Anyone have recommendations for achieving this movement? 
Thanks for any suggestions!


----------



## JeffHaas (Sep 7, 2010)

You can set up those controllers to turn the wiper motor on and off for different periods of time.

I looked at the docs for both the FrightProps PicoBoo and the Monster Guts Nerve Center. I think you want the Picoboo, because you'll want to have the ship's wheel turn both directions, which the Picoboo supports.

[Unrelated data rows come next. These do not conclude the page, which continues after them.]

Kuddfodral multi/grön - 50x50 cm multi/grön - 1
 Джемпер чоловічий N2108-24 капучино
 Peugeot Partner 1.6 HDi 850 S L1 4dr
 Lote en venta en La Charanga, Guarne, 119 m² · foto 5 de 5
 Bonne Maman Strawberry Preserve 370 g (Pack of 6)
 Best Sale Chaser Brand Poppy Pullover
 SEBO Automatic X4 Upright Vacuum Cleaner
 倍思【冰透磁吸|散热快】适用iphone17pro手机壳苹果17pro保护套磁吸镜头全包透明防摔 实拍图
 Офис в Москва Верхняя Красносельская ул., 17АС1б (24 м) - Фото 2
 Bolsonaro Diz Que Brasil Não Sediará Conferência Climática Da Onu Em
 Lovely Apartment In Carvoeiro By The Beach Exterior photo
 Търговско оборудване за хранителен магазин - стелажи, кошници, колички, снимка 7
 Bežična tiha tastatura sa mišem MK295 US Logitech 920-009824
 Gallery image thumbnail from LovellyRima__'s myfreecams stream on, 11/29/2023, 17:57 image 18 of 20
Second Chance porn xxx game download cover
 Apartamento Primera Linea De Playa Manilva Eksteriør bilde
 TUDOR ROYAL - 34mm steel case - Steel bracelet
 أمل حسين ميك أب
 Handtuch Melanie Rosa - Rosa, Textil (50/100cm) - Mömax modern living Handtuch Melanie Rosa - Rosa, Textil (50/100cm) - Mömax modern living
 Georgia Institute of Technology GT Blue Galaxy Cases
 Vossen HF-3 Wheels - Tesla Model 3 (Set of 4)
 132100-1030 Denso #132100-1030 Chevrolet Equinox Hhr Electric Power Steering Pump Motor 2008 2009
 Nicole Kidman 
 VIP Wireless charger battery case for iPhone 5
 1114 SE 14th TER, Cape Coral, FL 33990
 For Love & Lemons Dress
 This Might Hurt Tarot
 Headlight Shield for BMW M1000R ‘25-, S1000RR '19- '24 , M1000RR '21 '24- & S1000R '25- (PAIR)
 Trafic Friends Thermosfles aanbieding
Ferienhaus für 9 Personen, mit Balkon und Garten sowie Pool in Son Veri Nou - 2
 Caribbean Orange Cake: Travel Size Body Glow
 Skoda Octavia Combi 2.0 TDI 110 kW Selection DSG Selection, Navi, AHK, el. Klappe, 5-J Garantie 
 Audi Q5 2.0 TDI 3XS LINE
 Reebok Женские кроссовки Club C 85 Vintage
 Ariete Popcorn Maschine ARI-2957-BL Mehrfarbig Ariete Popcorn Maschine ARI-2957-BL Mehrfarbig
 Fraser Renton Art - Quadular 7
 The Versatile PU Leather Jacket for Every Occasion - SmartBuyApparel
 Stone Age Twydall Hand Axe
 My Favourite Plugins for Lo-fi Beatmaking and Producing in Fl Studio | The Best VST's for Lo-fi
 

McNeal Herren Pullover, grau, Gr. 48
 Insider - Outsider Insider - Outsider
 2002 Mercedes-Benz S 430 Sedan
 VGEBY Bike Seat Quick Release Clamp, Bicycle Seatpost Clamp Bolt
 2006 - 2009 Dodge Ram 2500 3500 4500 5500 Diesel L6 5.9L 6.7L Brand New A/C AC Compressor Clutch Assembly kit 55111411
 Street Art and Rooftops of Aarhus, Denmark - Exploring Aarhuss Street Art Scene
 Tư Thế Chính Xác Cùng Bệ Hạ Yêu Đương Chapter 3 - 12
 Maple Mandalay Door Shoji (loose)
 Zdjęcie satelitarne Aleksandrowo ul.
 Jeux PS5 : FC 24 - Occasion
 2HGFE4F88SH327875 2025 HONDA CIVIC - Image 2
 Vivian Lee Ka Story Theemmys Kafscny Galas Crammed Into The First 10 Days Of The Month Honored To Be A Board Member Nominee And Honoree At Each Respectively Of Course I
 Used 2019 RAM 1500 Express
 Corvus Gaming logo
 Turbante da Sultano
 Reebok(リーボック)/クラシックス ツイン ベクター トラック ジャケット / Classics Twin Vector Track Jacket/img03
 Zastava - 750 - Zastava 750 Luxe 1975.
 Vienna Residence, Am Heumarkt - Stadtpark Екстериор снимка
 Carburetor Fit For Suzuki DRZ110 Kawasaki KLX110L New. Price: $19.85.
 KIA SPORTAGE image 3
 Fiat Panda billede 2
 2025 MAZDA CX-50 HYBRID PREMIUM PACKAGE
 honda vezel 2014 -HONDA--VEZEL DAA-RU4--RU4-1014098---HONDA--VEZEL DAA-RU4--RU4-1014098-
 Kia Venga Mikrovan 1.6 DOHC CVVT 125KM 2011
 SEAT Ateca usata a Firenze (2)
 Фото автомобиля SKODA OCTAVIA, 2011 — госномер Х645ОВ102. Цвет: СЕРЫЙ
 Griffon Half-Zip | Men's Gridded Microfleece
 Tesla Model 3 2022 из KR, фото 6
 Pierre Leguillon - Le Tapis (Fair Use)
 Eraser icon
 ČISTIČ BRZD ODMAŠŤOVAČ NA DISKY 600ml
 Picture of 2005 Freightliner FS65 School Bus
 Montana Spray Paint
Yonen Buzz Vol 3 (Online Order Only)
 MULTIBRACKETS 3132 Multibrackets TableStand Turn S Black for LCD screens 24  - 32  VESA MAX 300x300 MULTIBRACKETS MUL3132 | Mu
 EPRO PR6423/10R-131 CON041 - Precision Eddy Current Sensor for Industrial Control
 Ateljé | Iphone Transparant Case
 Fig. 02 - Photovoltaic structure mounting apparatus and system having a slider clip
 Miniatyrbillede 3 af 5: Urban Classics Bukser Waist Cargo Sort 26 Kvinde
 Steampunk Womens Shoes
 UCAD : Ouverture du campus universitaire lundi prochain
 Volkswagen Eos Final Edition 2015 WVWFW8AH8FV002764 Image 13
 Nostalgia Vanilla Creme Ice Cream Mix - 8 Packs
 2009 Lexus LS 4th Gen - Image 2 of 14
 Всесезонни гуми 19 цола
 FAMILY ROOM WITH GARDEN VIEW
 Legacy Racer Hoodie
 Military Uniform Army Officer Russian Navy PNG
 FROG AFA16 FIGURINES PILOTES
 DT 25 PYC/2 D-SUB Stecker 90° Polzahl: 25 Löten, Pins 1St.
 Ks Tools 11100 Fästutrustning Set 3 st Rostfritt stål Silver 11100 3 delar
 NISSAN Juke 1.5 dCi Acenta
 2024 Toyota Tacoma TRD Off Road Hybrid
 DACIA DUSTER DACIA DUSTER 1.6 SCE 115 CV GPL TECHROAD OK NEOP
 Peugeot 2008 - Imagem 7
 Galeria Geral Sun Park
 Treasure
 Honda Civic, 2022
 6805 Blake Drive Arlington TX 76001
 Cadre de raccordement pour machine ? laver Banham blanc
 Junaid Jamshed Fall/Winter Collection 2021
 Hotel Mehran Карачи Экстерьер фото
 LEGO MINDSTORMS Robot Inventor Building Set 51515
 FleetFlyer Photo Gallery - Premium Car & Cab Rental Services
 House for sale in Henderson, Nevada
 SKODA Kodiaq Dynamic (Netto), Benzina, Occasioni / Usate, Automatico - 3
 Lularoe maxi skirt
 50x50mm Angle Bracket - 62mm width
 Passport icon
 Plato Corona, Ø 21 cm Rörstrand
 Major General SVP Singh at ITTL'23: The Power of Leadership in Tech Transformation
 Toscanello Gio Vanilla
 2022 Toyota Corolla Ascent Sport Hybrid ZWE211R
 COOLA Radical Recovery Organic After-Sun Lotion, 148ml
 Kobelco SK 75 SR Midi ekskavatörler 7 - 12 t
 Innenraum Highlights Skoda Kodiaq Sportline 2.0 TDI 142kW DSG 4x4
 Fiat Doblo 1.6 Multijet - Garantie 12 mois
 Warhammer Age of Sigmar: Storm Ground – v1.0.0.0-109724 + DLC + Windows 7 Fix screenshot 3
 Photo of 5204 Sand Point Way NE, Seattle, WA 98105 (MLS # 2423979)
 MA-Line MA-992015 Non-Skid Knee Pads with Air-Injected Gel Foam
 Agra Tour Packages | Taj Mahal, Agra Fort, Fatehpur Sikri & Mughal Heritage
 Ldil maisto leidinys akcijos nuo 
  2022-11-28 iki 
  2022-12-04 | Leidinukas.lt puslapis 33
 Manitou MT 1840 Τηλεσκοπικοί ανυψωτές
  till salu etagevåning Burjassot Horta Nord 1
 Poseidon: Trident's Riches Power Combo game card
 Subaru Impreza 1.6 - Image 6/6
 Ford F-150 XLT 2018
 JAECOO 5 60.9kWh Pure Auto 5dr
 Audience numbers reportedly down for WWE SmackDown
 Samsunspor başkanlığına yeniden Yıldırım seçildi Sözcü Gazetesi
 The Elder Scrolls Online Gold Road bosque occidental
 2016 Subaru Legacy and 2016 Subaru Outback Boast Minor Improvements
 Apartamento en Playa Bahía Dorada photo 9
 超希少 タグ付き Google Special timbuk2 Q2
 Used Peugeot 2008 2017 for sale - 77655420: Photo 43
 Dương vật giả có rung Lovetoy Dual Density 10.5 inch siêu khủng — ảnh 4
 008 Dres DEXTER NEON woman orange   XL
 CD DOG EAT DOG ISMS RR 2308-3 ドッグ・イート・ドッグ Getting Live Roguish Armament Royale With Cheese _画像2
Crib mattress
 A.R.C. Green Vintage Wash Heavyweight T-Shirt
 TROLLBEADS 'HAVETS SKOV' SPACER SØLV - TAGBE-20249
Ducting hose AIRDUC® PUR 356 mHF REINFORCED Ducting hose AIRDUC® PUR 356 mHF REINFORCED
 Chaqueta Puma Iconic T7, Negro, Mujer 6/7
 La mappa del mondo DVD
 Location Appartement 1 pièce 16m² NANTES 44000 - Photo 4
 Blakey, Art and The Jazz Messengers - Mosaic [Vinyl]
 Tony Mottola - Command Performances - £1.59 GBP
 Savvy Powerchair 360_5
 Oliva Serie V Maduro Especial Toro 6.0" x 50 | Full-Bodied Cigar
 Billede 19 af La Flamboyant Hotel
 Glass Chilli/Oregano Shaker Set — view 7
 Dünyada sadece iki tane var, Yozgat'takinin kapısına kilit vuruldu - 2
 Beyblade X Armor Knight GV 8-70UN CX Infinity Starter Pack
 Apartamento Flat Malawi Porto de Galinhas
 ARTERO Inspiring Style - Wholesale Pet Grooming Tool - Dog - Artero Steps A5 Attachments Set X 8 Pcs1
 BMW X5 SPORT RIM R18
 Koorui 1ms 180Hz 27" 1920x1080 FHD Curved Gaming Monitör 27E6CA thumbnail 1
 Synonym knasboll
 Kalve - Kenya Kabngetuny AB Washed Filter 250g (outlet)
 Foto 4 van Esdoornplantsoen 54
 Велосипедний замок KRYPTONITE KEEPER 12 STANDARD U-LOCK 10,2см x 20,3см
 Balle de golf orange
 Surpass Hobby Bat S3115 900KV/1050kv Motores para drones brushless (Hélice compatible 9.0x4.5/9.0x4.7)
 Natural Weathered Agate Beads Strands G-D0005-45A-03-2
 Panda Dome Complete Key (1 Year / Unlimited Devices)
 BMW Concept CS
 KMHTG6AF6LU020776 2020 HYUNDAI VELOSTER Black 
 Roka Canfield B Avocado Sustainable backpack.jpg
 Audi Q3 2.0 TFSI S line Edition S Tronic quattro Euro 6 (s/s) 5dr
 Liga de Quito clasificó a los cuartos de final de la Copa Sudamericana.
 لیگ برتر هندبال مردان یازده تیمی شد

Check the Picoboo Jr is docs from this page:
http://www.frightprops.com/controll...lers/picoboo-controllers/picoboo-jr-0691.html

It's designed to be able to control a 12V motor and make it go forward and backward.


----------



## halstaff (Nov 18, 2009)

I put together a cheap circuit to allow my wiper motors to run intermittently. Check out this thread - http://hauntforum.com/showthread.php?t=26120


----------



## davy2 (Sep 10, 2008)

Thanks, Jeff and Hal...I ended up stealing the servo recorder from my gravekeeper (which I won't be using this year), and bought a servocity gearmotor set for a spare servo I have. Gearmotor set results in a very strong servo, the servo recorder playback unit will move the prop in whatever fashion you record it.


----------